En entrant dans l’espace de la galerie, ce qui frappe, a priori, est le fait que l’ensemble de l’exposition soit curieusement épuré, quoique composite. Au fur et à mesure de l’approche et de l’observation attentive, on constate toutes les irrégularités qui façonnent les oeuvres, et ce, à travers un brillant jeu de textures et d’échelles. En effet, une pléthore d’éléments tantôt opposés, tantôt complémentaires, peuple les compositions de l’artiste. Par exemple, l’oeuvre Tête de robot oscille entre la cachette et le dévoilement. Une boîte en aluminium parsemée de trous recouvre partiellement cinq personnages en bois peints en bleu enfermés en celle-ci et posés sur un socle. Ce n’est qu’une fois le couvercle retiré de la base que l’oeuvre se révèle dans son entièreté puisqu’une autre partie en est dévoilée. Mihalcean invite ainsi le spectateur à entrer directement en contact avec l’oeuvre et à manipuler celle-ci afin de mieux en saisir l’essence, cette dernière se traduisant par la redécouverte de la beauté du vivant, beauté pour laquelle l’on doit faire un certain effort afin de l’apprécier puisqu’elle est cachée, emprisonnée dans une cloche d’aluminium. En combinant l’abat-jour métallique, qui incarne l’univers de la machine, au ton bleu, évoquant pour sa part la vigueur de l’être humain – parce que cette couleur réfère à l’eau, au sang qui coule dans nos veines et donc à la vie – Mihalcean fait coexister deux univers qui sont à la fois antagonistes et liés, ce qui force à considérer ceux-ci sous un angle singulier, contrasté. On peut y voir une critique du lien qui unit, de nos jours, l’homme et la machine. Cette dernière semble parfois prendre le dessus sur l’aspect humain de la société, si bien que la beauté de celui-ci s’en retrouve occultée. La symbiose qui s’installe entre ces antithèses nous amène à appréhender l’oeuvre comme un ensemble unifié à travers sa complexité.

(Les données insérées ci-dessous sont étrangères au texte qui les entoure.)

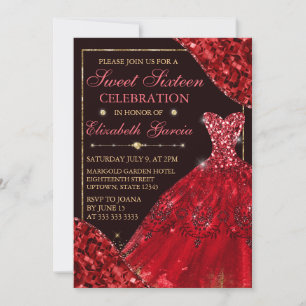 Invitation Robe d'aquarelle rouge et Sweet sixteen d'arêtes d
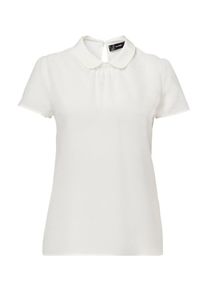 Hallhuber, Damen Bubikragen-Shirt, Wei&szlig;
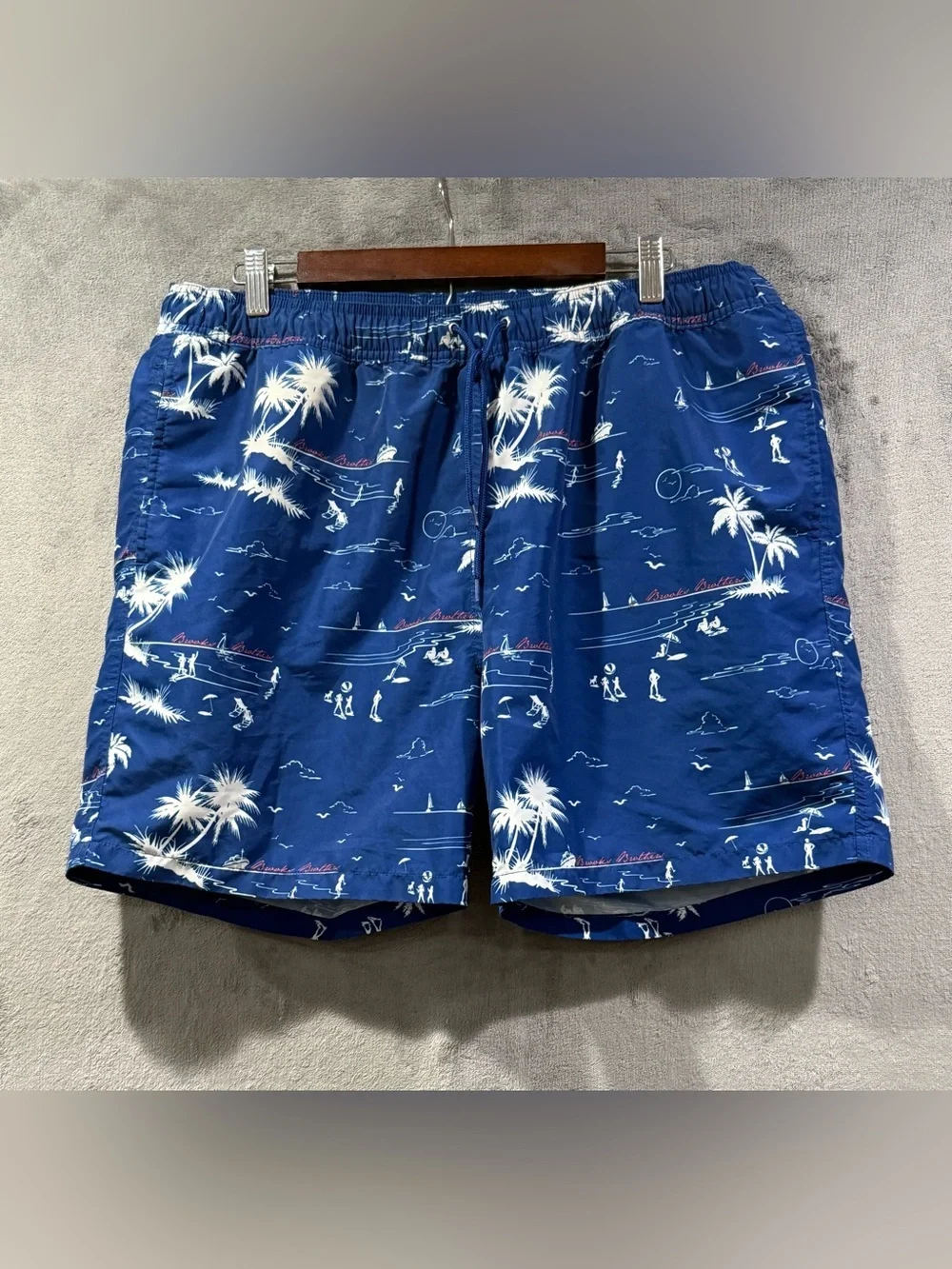 Brooks Brothers Mens Swim Trunks Size L Navy Blue Nautical Sailboat Blueprint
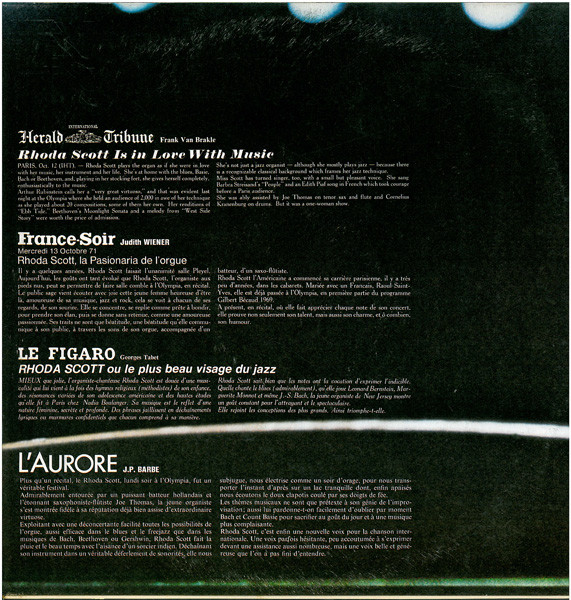 Rhoda Scott - Live At The Olympia | Barclay (920.379/80) - 2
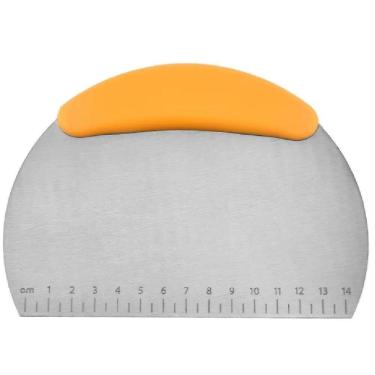 Imagem de Cortador Pizza Manual Espatula Misturador Massas Paes Tortas Verdura Em Inox Com Regua Medidas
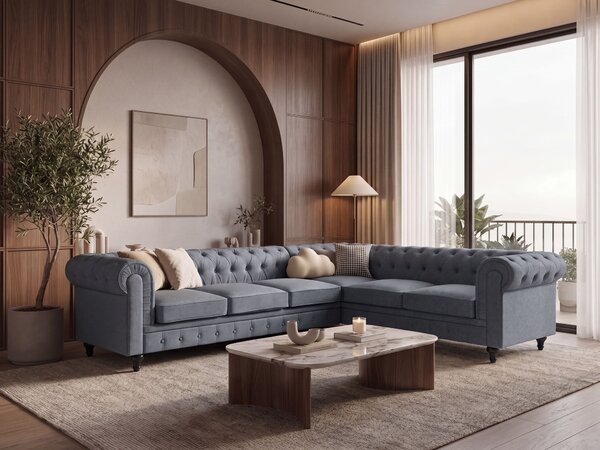 Sarokkanapé CHESTERFIELD Szürke Bal oldali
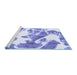 Sideview of Machine Washable Abstract Blue Modern Rug, wshabs1047blu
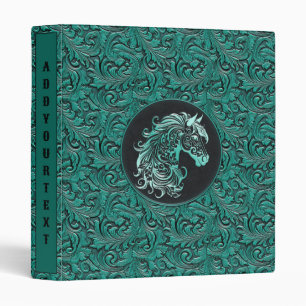 Turquoise cowgirl floral tooled leather horse head binder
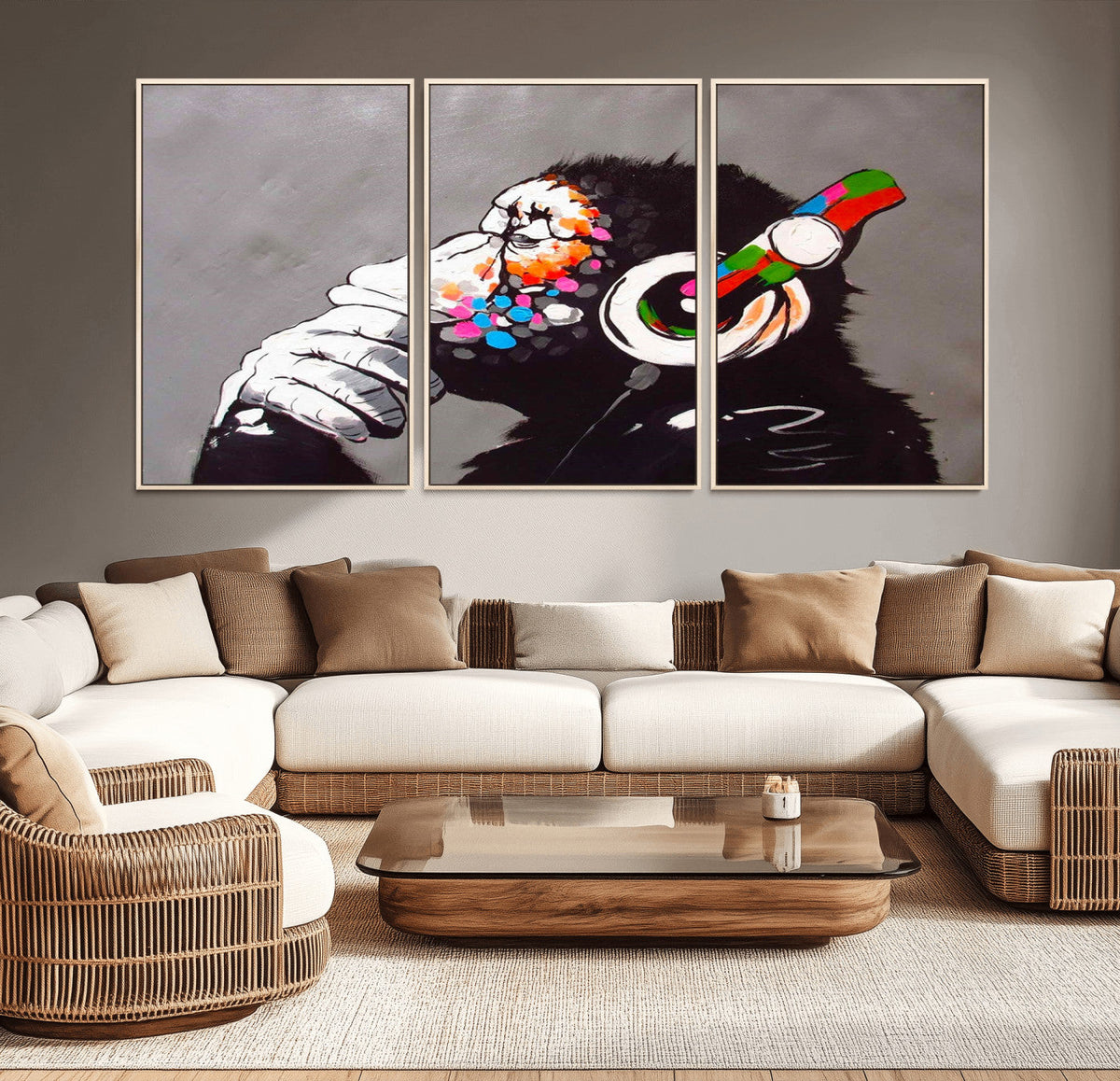 Dj Monkey Listening to Music Wall Art Print | Banksy Monkey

Il est également très important, dans la démarche de Gilles Mihalcean, issu du minimalisme des années 1960, que l’on puisse comprendre comment sont assemblées ses oeuvres, c’est pourquoi leur structure est immanquablement visible. L’usage d’icônes archétypales telles que le père Noël, Bouddha, la Vierge, et de matériaux aux propriétés contrastées (bois, plâtre, aluminium, graphite, bronze) témoigne de l’effort fait par l’artiste afin que le spectateur puisse bien saisir les messages délivrés dans ses oeuvres. On en retrouve un exemple dans la sculpture de bronze 2094. Il s’agit d’une oeuvre à trois registres distincts : la partie de droite, arborant des bustes de la Vierge Marie et de Bouddha opposés l’un à l’autre par un socle ; le registre médian, composé d’une mince et longue tige qui fait le pont vers la portion de gauche, où l’on retrouve un objet sphérique que l’on peut apparenter à un boulet de canon et qui est posé sur un réceptacle. Cet objet est relié au socle, où s’affrontent les figures pieuses par la tige cylindrique. On peut interpréter cela à la fois comme la canonisation de la Vierge ainsi que celle de Bouddha, ou encore comme un appel à la destruction de ce que l’on pourrait qualifier d’une des plus vieilles techniques d’asservissement des peuples. Dans cette création, l’artiste oppose le culte bouddhiste à celui du christianisme par le socle, ce dernier exprimant le schisme qui s’opère entre ces deux réalités religieuses. Le fait que les symboles de ces deux dogmes soient représentés de façon opposée peut être interprété comme le reflet de la relative dualité qui est palpable entre l’Orient et l’Occident. Une certaine unité vient néanmoins assembler le tout puisque même si des moeurs sensiblement distinctes animent les parties est et ouest du monde, toutes deux sont confrontées à de récurrentes problématiques religieuses. Sinon, le jeu d’échelles qui se dessine entre les deux icônes peut sous-tendre un envahissement progressif des pays orientaux par le capitalisme et les modes de vie qui y sont associés.

En somme, les oeuvres 2094 et Tête de robot illustrent bien l’esprit général qui règne dans cette nouvelle production. On se rend compte qu’au sein de celle-ci, la dualité cohabite avec une certaine valeur d’unité, cette dernière soudant, au final, les oppositions de tous genres inhérentes aux oeuvres. La liberté d’interprétation est aussi déterminante dans cette exposition puisque l’ensemble soulève de nombreuses questions et met en relief plusieurs thèmes, en plus de suggérer diverses pistes de réponses au spectateur qui peut faire sa propre lecture du tout. Ainsi, Mihalcean invite le visiteur à entrer dans l’enceinte de la galerie Laroche/Joncas et à s’immerger de ses idées et de sa technique en dévoilant le tout d’une manière franche et bien articulée.

 

Sabrina Desjardins détient un baccalauréat en histoire de l’art et oeuvre dans le domaine de l’édition depuis quelques années. Elle est coéditrice pour la revue Ex_situ (UQAM) en plus d’agir à titre de réviseure et traductrice pour le blogue de la galerie Station16. Elle est également correctrice pour la revue Espace art actuel et travaille à l’organisation de l’événement annuel de muséologie FESTI’O’MUSE. Elle s’intéresse particulièrement au street art et à la culture hip-hop.